Commercial TV is full of “lifestyle” and other programs that make a buck out of “advertorial” material. In fact some of them (e.g. Getaway) consist of little else. Marr seems to think viewers (except him) are complete fools who are incapable of appreciating this fact. But it’s self-evident. It may well be that the ABA Rules contain provisions about disclosure of advertorial sponsorship, and that Nine is technically breaching them. But (as Marr notes disapprovingly) the ABA system is one of co-regulation, and enforcement action will usually only be taken where a complaint is received. I have some concerns with the current co-regulation system (although a lot of them have been satisfied with David Flint’s departure), but complaint-based enforcement isn’t one of them. It’s entirely reasonable to assume that viewers who aren’t naive half-wits are quite capable of understanding that commercial plugs during programming are likely to have been a result of some form of sponsorship (even if it’s only free travel and accommodation for the presenter and crew), and that the lack of any complaints is because no-one except Marr and his ilk has a problem with it.
The problem with Marr’s take on the first allegation/dot point (exceeding hourly “non-program material” limits) is that the ABA’s own rules (Clause 5.2 of the Commercial Television Code of Practice) allow for these sorts of non-scheduled, inadvertent breaches. The relevant part of Clause 5.2 reads:
5.2.2 The amount of non-program matter set out in the Final Schedules for an hour must not exceed the hourly limit in Clause 5.7. The only exception permitted is where non-program matter originally intended to fall in one hour (Hour A) is scheduled in an adjoining hour (Hour B) because of the length of a program segment or segments. This exception is subject to the following conditions:
220.127.116.11 the station’s earlier schedule prepared prior to the determination of break start times shows that the non-program matter falling in Hour B was intended to fall in Hour A; and
18.104.22.168 no more than one break intended in the earlier schedule to fall in Hour A is scheduled in Hour B in the Final Schedules; and
22.214.171.124 the amount of non-program matter contained in that break in Hour B in the Final Schedules, when combined with the amount of nonprogram matter contained in Hour A in the Final Schedules, would not have exceeded the relevant limit for Hour A.

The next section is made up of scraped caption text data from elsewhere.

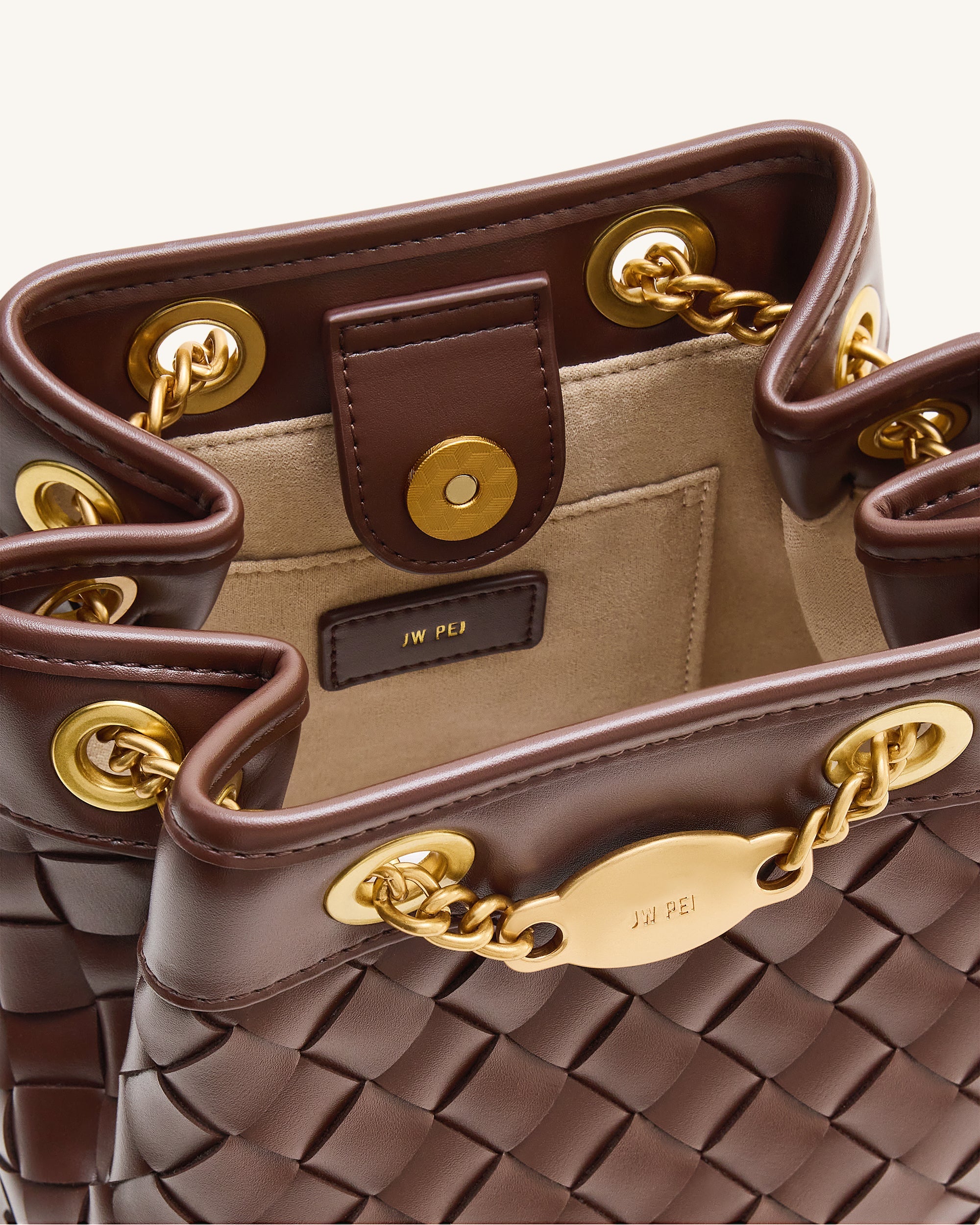 Yara Hand-Woven Bucket Bag - Taupe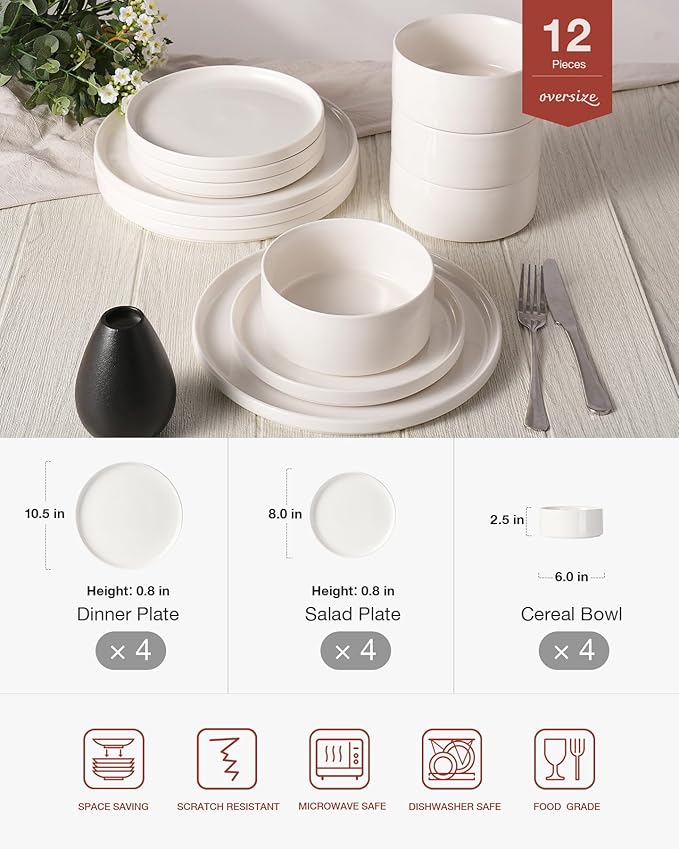 Famiware Porcelain Dinnerware Set, 12-Piece Modern Plate and Bowl Set, Dish Set for 4, Microwave and Dishwasher Safe Tableware, White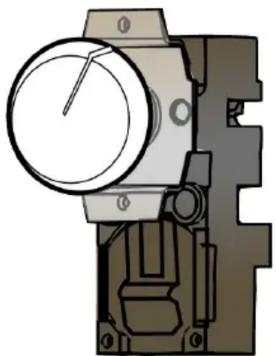 Technical diagram of a mechanical device with a circular dial and mounting bracket (no text or symbols)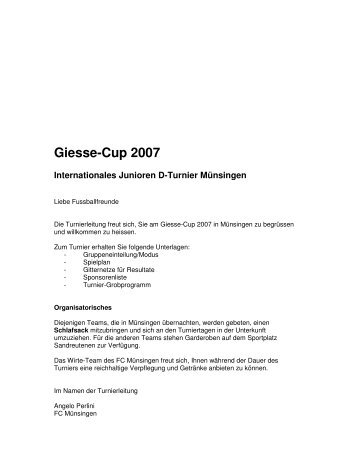 Giesse Cup Turnierprogramm Teil 1 - FC Münsingen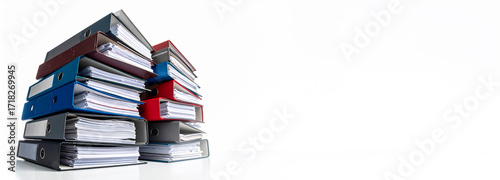 stack of black file folders full of documents against white background, space for your text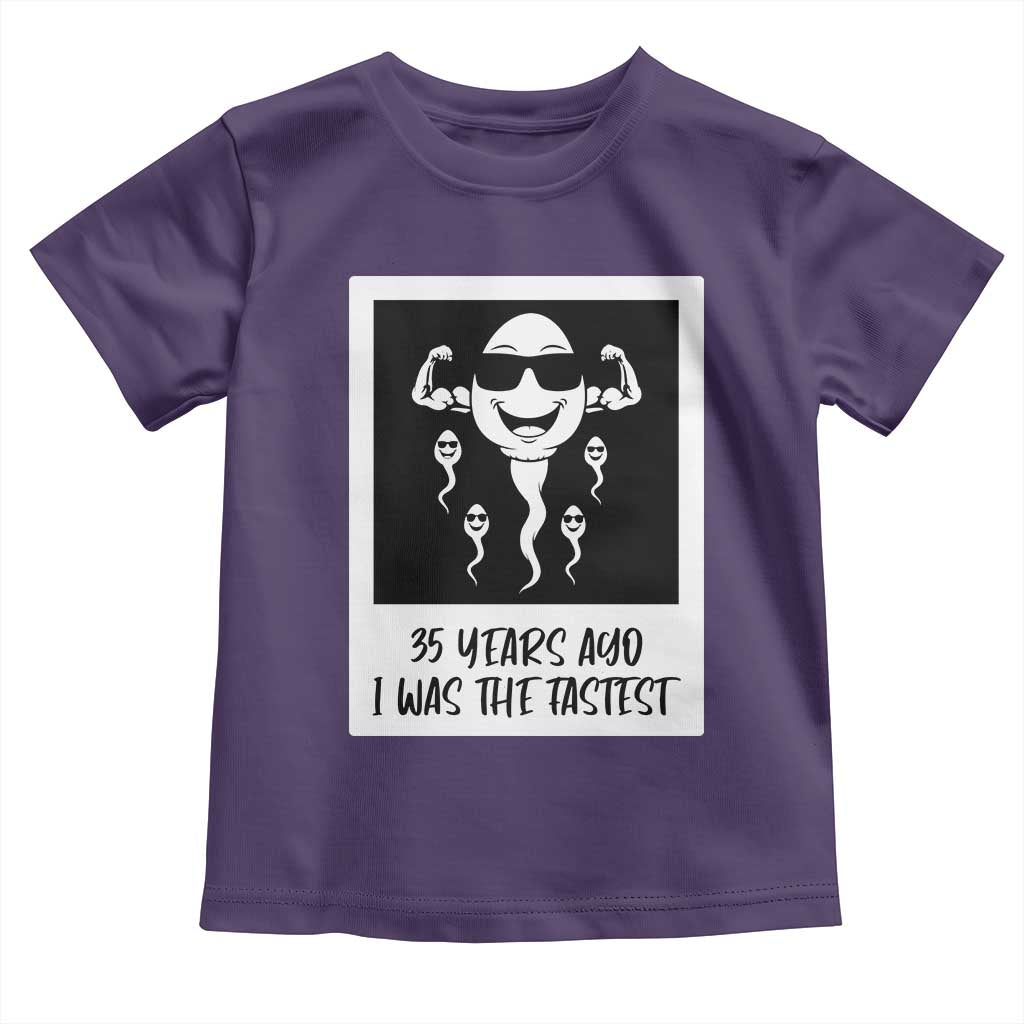 35 Years Ago I Was The Fastest Toddler T Shirt Hilarious 35th Birthday Party Graphic TS12 Purple Print Your Wear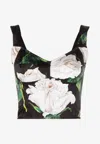 Dolce & Gabbana Satin Top With White Rose Print In Multicolor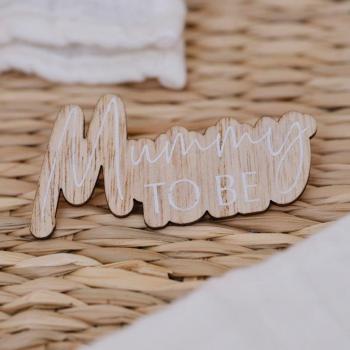 Mummy To Be Wooden Badge GingerRay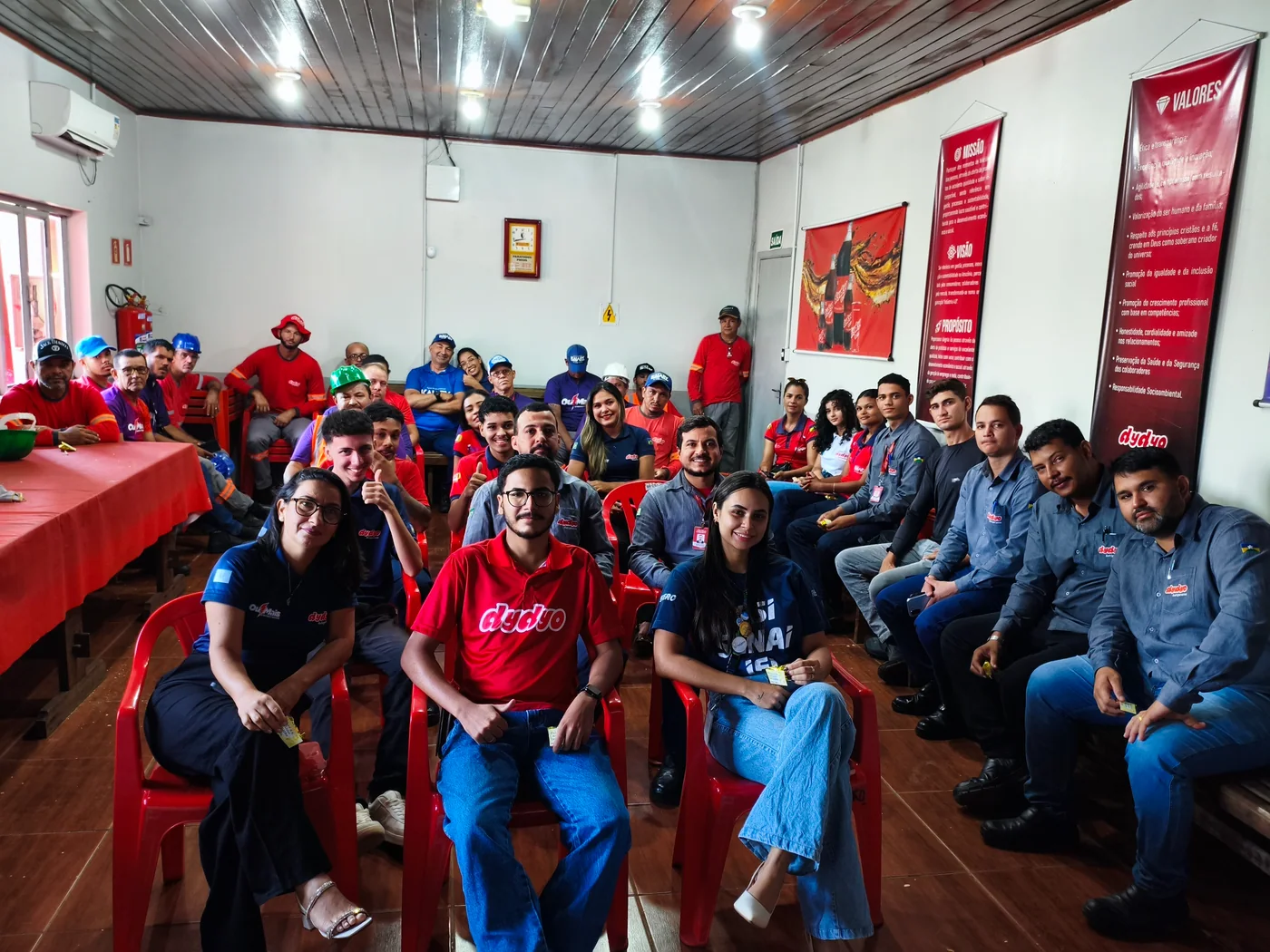 Registro de encontro com grupo de trabalhadores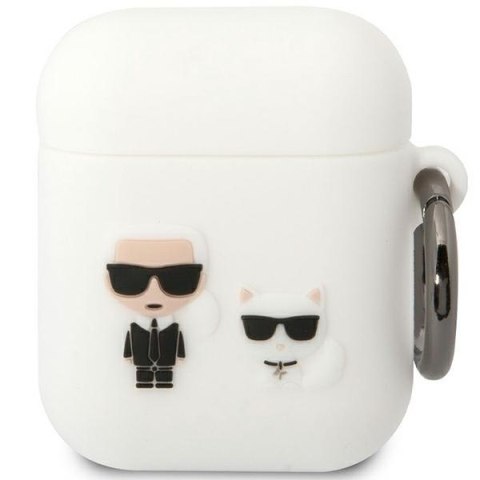 Karl Lagerfeld KLACA2SILKCW AirPods 1/2 cover biały/white Silicone Karl & Choupette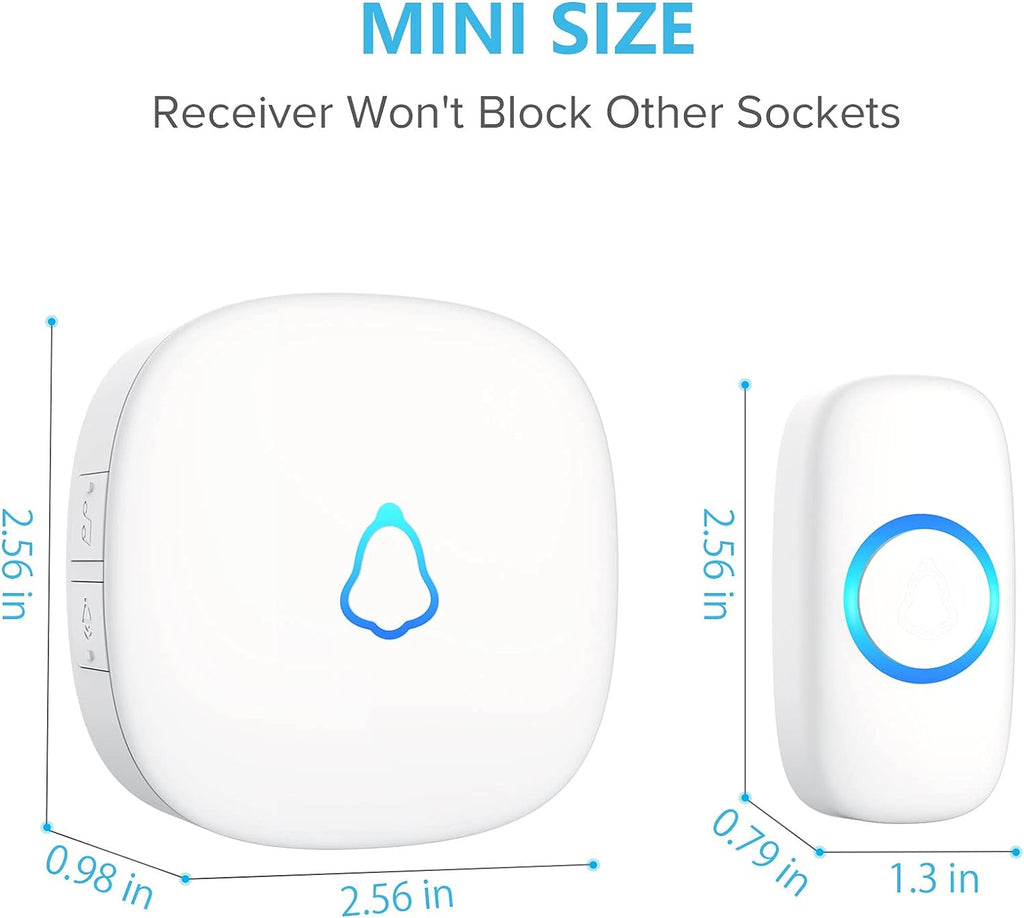 SECRUI Wireless Doorbell, Mini Door Bell with 58 Chimes 5 Volume Levels, 1 Waterproof Button 2 Plug in Receiver, White Doorbell with Led Blue light for Home/Classroom/Office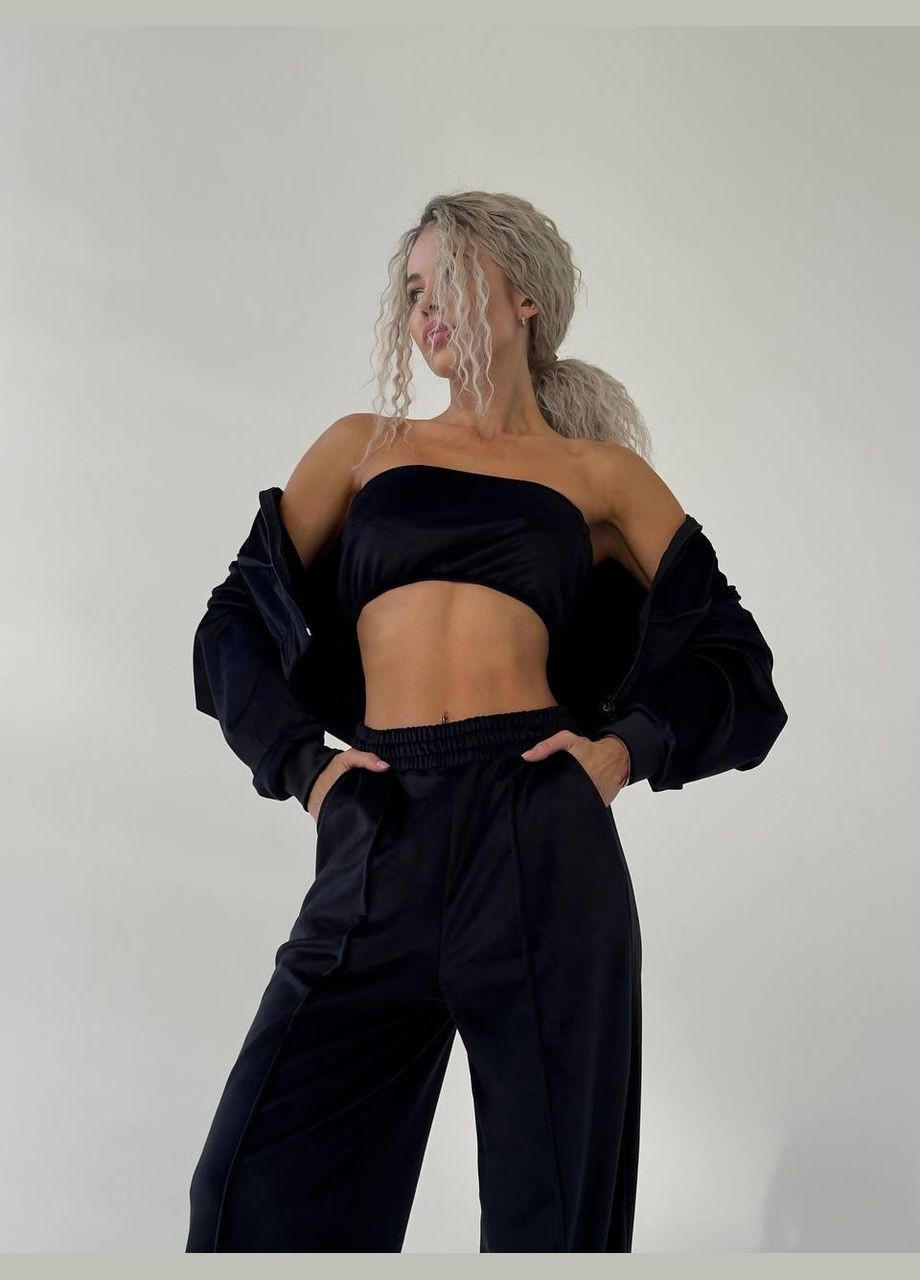 Костюм женский - тройка, состоящий из кофты укроп без капюшона на молнии, брюк и топа JUGO Ruby № 1155 (303775396)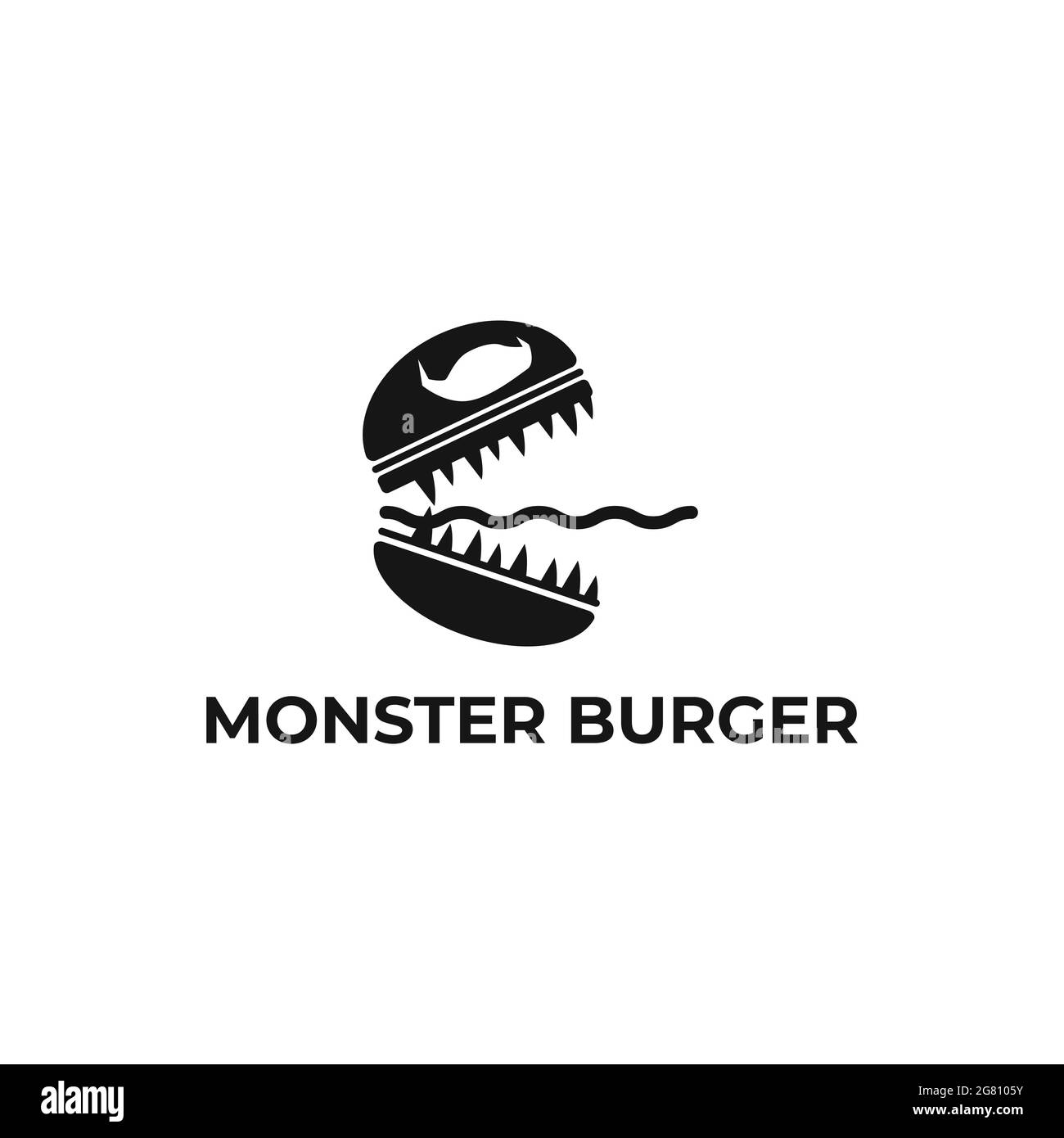 „Burger Monster“-Logo. Hamburger Restaurant-Design, flaches Design, großer Burger in Form eines Monsters auf weißem Hintergrund. Stock Vektor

Now, whether Nine’s situation satisfies these conditions is something neither I nor Marr knows. But Nine certainly asserts that it satisfies the rules (as Marr sneeringly noted), and Media Watch didn’t present any cogent basis for disbelieving them. Marr tried to argue that the fact that Today exceeds the 16 minute limit so frequently between 8 and 9am somehow proves that this is a planned rather than unscheduled outcome. But why is that so?
In an incompletely-scripted program like Today that runs for several hours each day, and which includes frequent live crosses to locations all over Australia and the world, it will frequently be impossible to avoid having segments running longer than the scheduled time. The cumulative result will often be that the station will be forced to “catch up” and screen unmet but contracted advertising commitments during the show’s final hour (8-9am). I don’t see anything even slightly wrong with that, as long as the total number of minutes of advertising over the entire 3 hours of the program averages out to 16 minutes per hour. In fact I assume that this is precisely the sort of exigency at which Clause 5.2.2 is aimed.
Marr didn’t claim that Today failed to comply with the 16 minute per hour limit over its entire 3 hour duration, in fact he was conspicuously silent on that point, and you can guarantee he would have said something if they’d exceeded the limit in that global sense. David Marr is quite entertaining to watch, as long as you don’t take anything he says at face value.